Set menus (=reports) can be made by pulling each menu from the rack (=raw dataset) into each tray (=different tables or sheets).

Previously on...

In my previous article, I shared why having standardized data/value is important when it comes to data management/analysis.

Even though it doesn’t sound like a ground-breaking rule, you may find a bunch of documents, reports, and fields in your school’s data management system — whether it is Sunapsis, PeopleSoft, Slate, Salesforce, Terra Dotta, etc—that have too many ways to say one thing.

It took more than one year for me to create queries, fields, reports and standardize values to better manage the data in my office. (I use Slate, let me know if you’d like to see details about how I utilized Slate to systemize the process and standardized data)
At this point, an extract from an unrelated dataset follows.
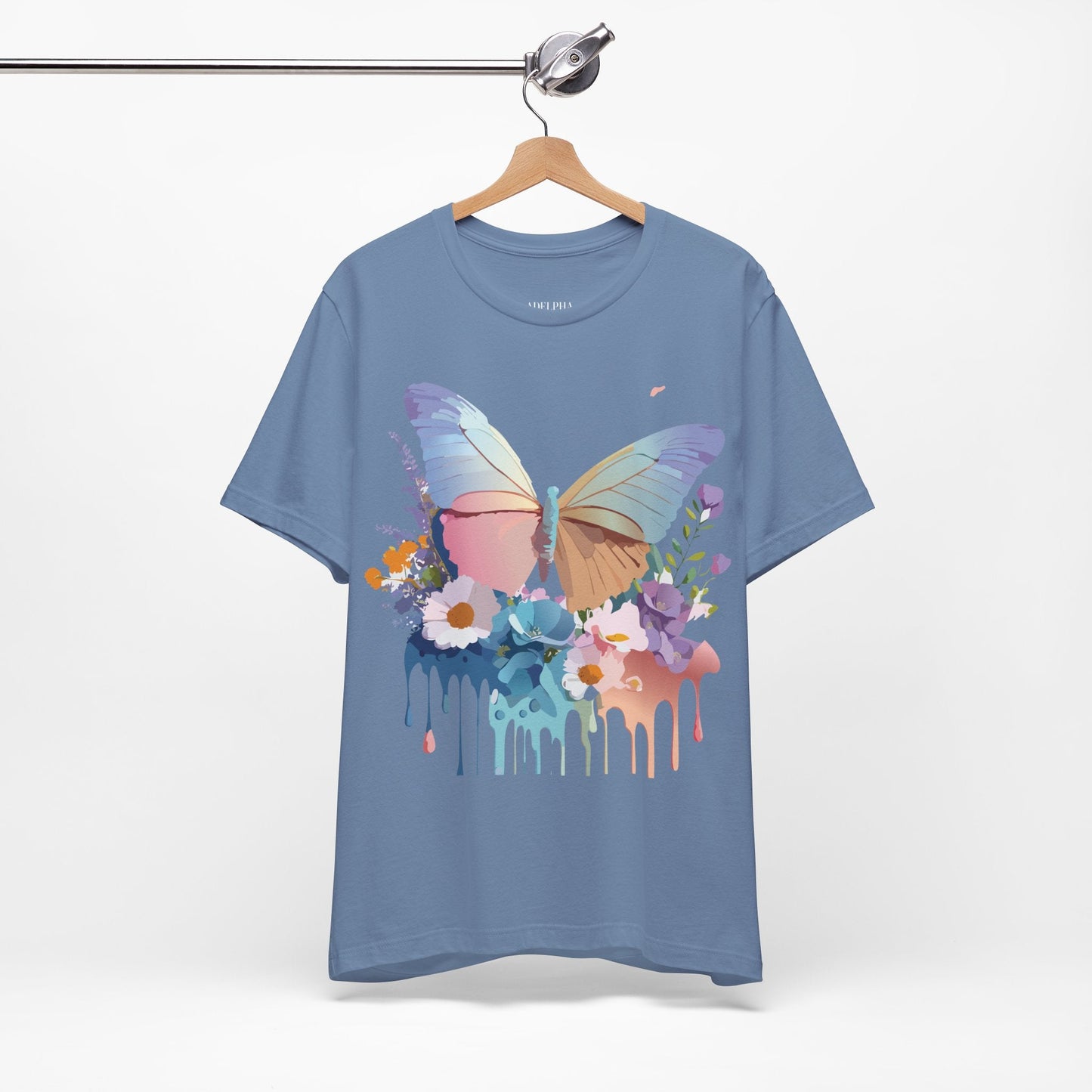 Butterfly Graphic Tee Unisex Adelpha Art Design Vintage Inspired Shirt
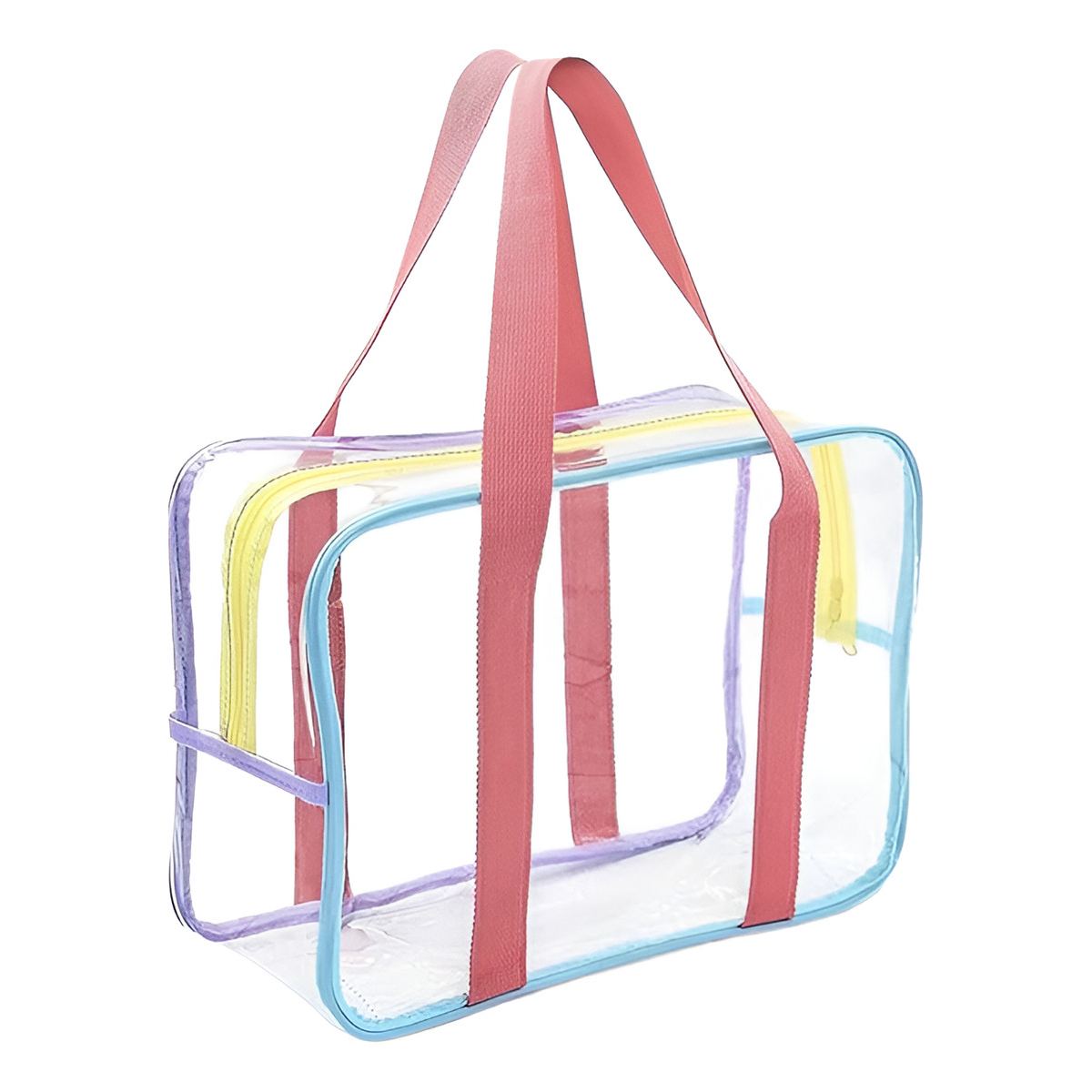 Bolso Cartera Transparente Juvenil Neceser Playa Chica - Imagen 1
That being said, the time that I spent building the foundation for better data management/analysis was totally worth it.

It allowed me not only to survive each semester but to save time to do the same job in the future terms and have a better picture of the recruitment, enrollment, retention, and student support programs at my current institution.

"In my humble opinion, professionals (at least in higher education) who know how to work smart are not the ones who always work overtime. Rather they are the ones who know where to invest their time now to come up with the same or even better quality work outcome in the future."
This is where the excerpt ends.